__Exercise requirements__:
Look below for the line containing "this 1024×768 image." and the line containing "this 896×1345 image.", then set down both and every line between them exactly, without pictures.

Records provided Start Marker

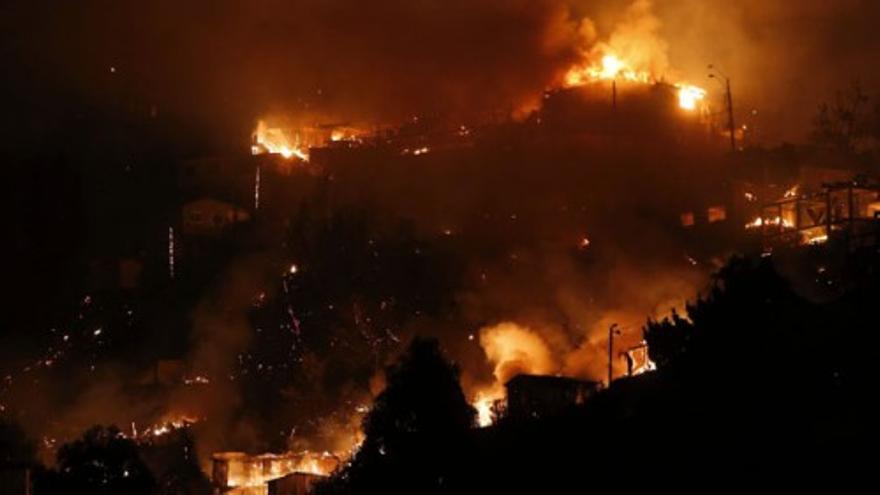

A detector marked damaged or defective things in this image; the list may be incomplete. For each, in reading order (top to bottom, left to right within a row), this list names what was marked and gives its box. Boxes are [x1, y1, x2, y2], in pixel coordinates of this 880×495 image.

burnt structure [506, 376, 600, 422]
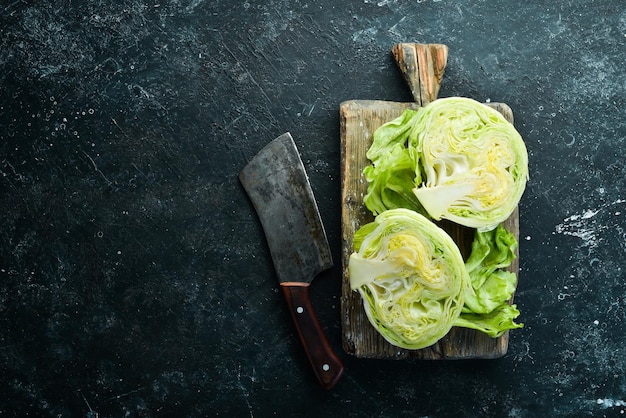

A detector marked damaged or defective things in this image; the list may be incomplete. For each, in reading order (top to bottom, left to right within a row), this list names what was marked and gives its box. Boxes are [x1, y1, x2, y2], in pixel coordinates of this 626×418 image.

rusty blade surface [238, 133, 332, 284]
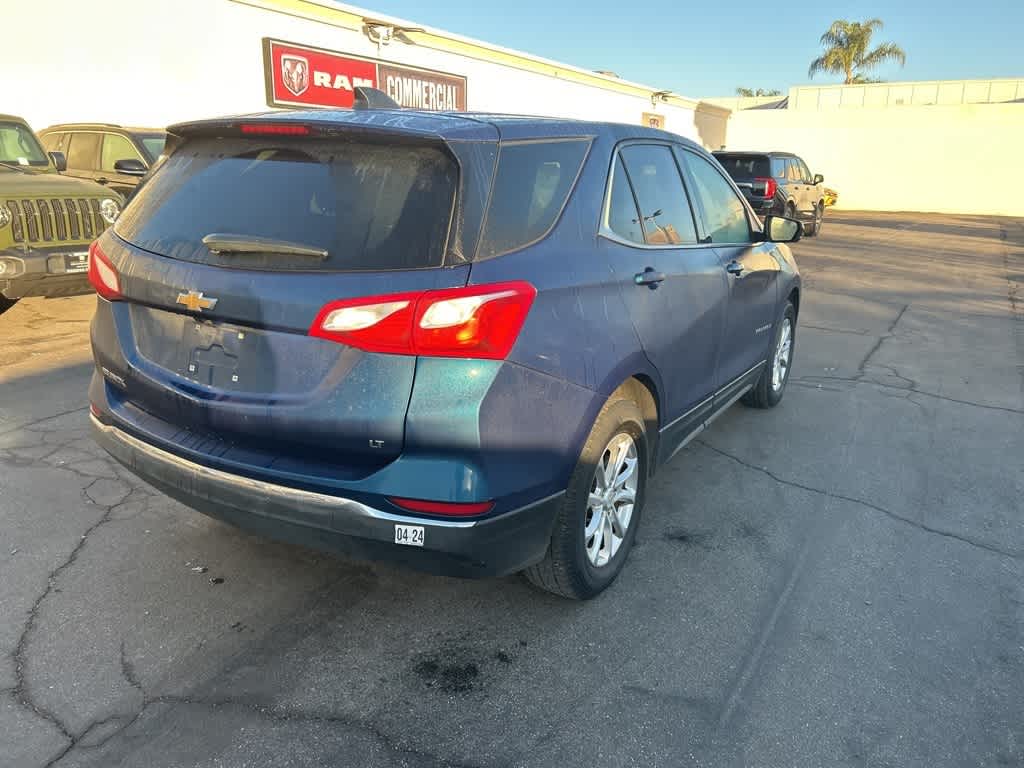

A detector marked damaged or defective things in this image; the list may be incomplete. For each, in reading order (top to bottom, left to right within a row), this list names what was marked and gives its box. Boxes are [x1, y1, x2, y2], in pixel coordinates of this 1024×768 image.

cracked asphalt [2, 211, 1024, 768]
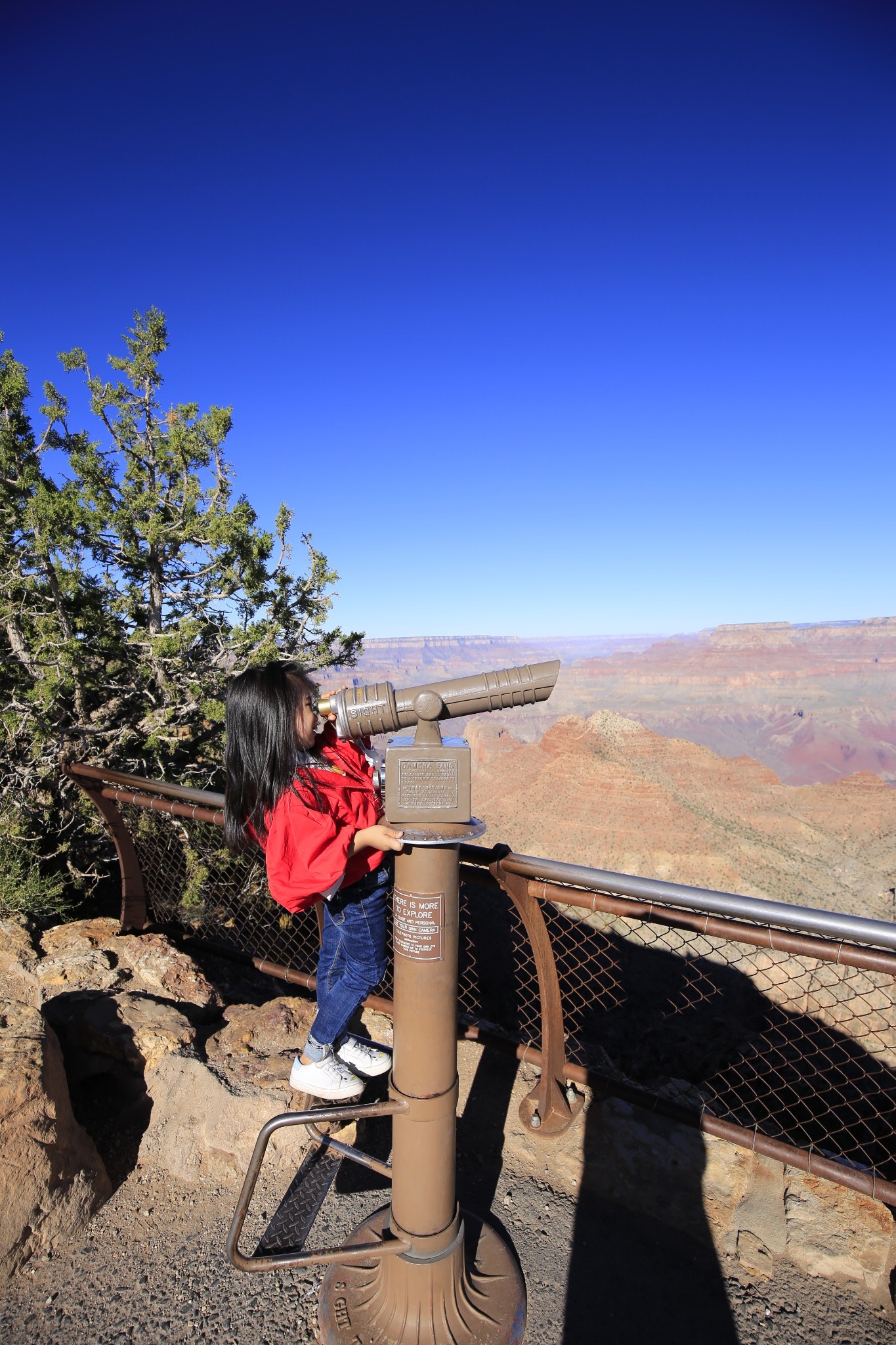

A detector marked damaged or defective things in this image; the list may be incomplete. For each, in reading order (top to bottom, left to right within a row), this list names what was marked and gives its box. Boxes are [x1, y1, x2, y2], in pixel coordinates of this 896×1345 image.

Records provided End Marker
Records provided Start Marker

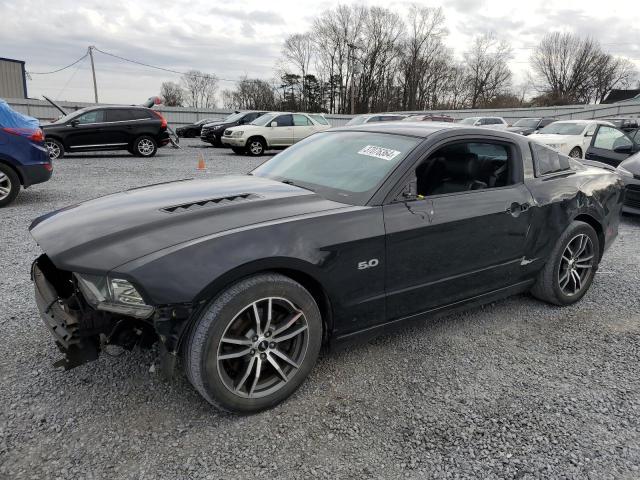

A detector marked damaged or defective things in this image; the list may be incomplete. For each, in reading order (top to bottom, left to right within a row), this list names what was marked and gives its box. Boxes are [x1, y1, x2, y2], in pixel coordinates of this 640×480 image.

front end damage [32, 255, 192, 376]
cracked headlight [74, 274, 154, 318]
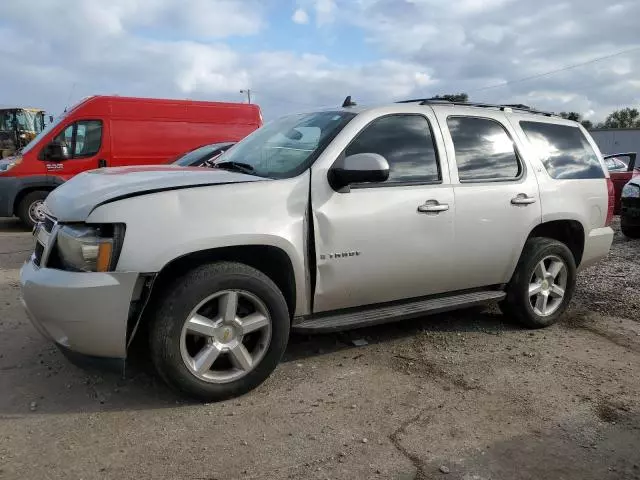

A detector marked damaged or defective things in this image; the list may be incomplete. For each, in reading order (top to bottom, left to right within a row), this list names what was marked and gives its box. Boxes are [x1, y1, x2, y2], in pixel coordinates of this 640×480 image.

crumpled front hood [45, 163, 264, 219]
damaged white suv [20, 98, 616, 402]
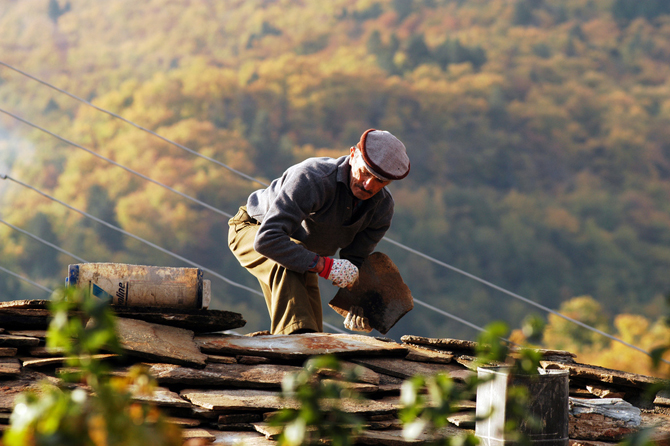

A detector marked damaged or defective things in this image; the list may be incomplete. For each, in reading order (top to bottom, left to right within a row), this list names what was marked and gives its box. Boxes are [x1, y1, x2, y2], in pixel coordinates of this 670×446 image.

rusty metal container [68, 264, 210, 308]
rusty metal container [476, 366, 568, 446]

Records provided End Marker
Records provided Start Marker

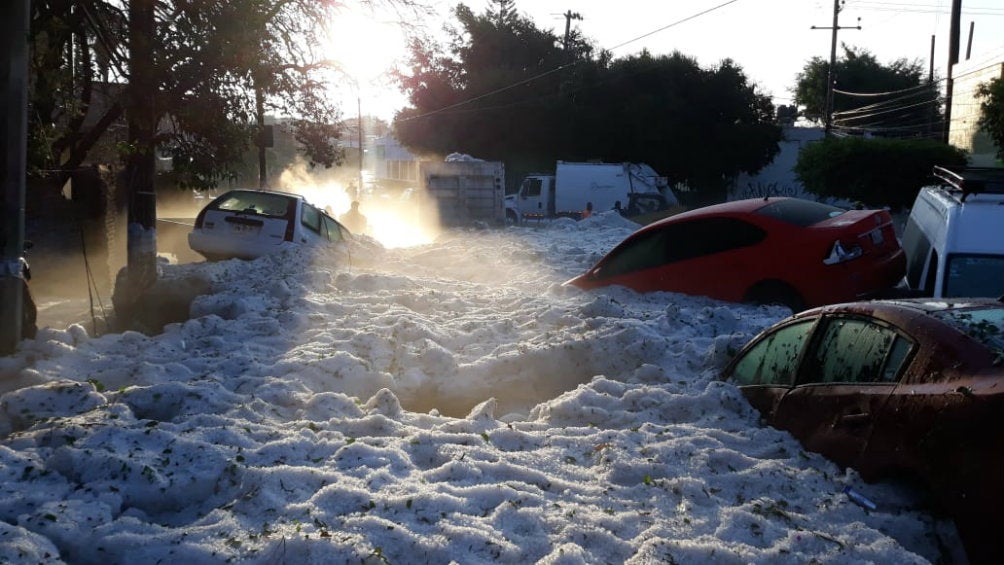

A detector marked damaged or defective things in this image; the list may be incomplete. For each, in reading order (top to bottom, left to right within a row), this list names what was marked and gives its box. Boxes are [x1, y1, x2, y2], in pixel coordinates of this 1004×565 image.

Records provided End Marker

__Solution to the exercise__:
A detector marked damaged or defective things in this image; the list may be incomplete. For each, in reading order (top to bottom, left to right within a row), this list names what was marked and gives its box. Boxes are [x1, y1, x2, y2], in pixel coordinates of this 1024×768 image.

cracked asphalt [2, 211, 1024, 768]

A detector marked damaged or defective things in this image; the list may be incomplete. For each, in reading order (top to bottom, left to right within a row), this list names what was marked and gives its box. Boxes are [x1, y1, x2, y2], in pixel coordinates of this 896×1345 image.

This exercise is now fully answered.